Gadis itu menangis semakin sedih dan mendengar ini, tergeraklah hati Lee Cin. Ia meloncat turun dan membuka jendela kamar itu dari luar, lalu melompat masuk. Tentu saja ibu dan anak itu terkejut bukan main melihat ada seorang gadis melompat masuk ke dalam kamar mereka.
"Jangan kaget, bibi. Aku datang untuk menolong kalian!" Ibu itu seorang wanita berusia empatpuluh tahunan dan ia memandang kepada Lee Cin dengan alis berkerut. Bagaimana seorang gadis akan dapat menolong mereka?
"Nona, siapakah engkau dan bagaimana engkau akan dapat menolong kami?"
"Aku akan menolong kalian, akan tetapi ceritakan dulu apa yang menyebabkan adik ini menangis demikian sedihnya. Adik yang baik, maukah engkau menceritakan kepadaku mengapa engkau menangis?"
Gadis yang usianya sekitar delapan belas tahun itu menghentikan isaknya dan ia memandang kepada Lee Cin dengan penuh harapan.
Rajawali Hitam Karya Kho Ping Hoo di http://ceritasilat-novel.blogspot.com by Saiful Bahri Situbondo
"Enci yang baik, aku menangis sedih karena hendak dipaksa harus menikah dengan kepala dusun."
"Kenapa menangis? Bukankah menikah merupakan peristiwa yang membahagiakan?"
"Bagaimana aku dapat berbahagia? Aku tidak suka menjadi isteri kepala dusun itu. Aku tidak sudi menjadi isterinya yang ke tiga."
"Bibi, kalau anakmu tidak mau dikawinkan, mengapa engkau memaksanya" ?
"Aduh, apa yang dapat kami lakukan, nona? Kami semua terpaksa dan tidak dapat menolak. Bagaimana kami dapat menolaknya? Hutang kami kepada kepala dusun sudah bertumpuk-tumpuk. Ketika musim kemarau panjang, ketika terjadi banjir dan ketika kami kematian seorang anak laki-laki kami, terpaksa kami terlibat hutang yang besar kepada kepala dusun. Hutang itu setelah bebeberapa tahun menjadi berlipat ganda dengan bunga-bunganya dan kami sama sekali tidak mungkin dapat membayarnya kembali.
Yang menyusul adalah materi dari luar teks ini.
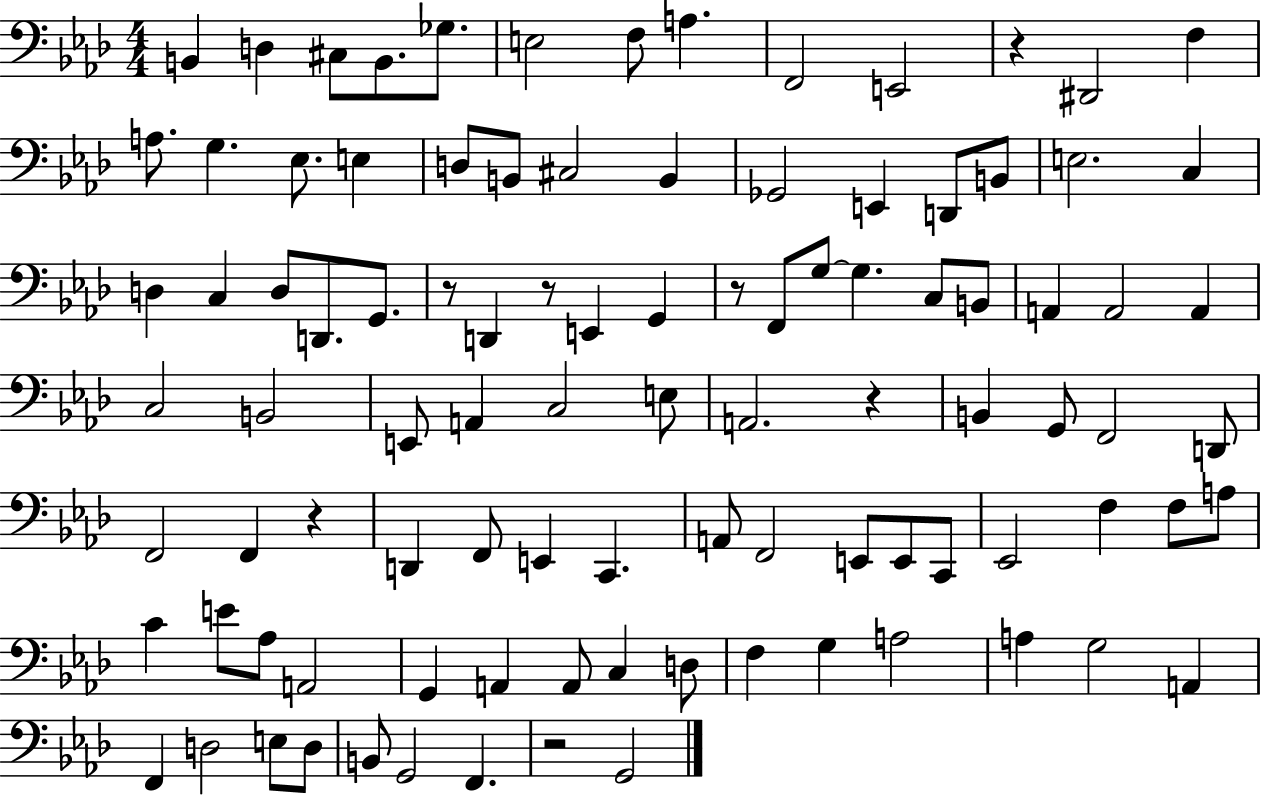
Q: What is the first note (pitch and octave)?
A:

Kemudian kepala dusun menawarkan jasa baiknya. Dia akan membebaskan semua hutang kami bahkan memberi hadiah berupa sawah kalau kami menyetujui permintaannya, yaitu mengangkat anak kami Siok Hwa ini menjadi isterinya yang ke tiga. Kami tidak mungkin dapat menolak pinangannya itu, nona. Bagaimana nona dapat menolong kami dalam hal ini?"
"Jangan khawatir, bibi. Aku akan menolong kalian. Sekarang panggil dulu ke sini suamimu, aku ingin bicara dengannya."
Melihat sikap Lee Cin yang demikian tegas, wanita itu terkesan juga dan ia segera keluar dari dalam kamar untuk memanggil suaminya.
Lee Cin duduk di kursi depan tempat tidur di mana Siok Hwa duduk dan ia berkata menghibur,
"Tenanglah dan percayalah, engkau tidak akan dipaksa menjadi isteri ke tiga kepala dusun."
"Akan tetapi, bagaimana....... ?"
"Serahkan saja kepadaku. Biarkan aku bicara dulu dengan ayahmu," kata Lee Cin sambil memandang wajah calon pengantin yang manis itu.
Pintu kamar terbuka dari luar dan masuklah seorang laki-laki setengah tua bersama wanita tadi. Laki-laki itu mengerutkan alisnya ketika melihat Lee Cin dan segera dia bertanya dengan suara tidak yakin.
"Siapakah engkau, nona dan apa maumu masuk ke rumah kami?"
"Siapa aku tidak penting diketahui paman. Yang penting aku tertarik oleh suara tangis anakmu dan ingin menolong kalian. Sebetulnya bagaimana urusanmu dengan kepala dusun sehingga engkau terpaksa hendak menyerahkan anakmu kepadanya?"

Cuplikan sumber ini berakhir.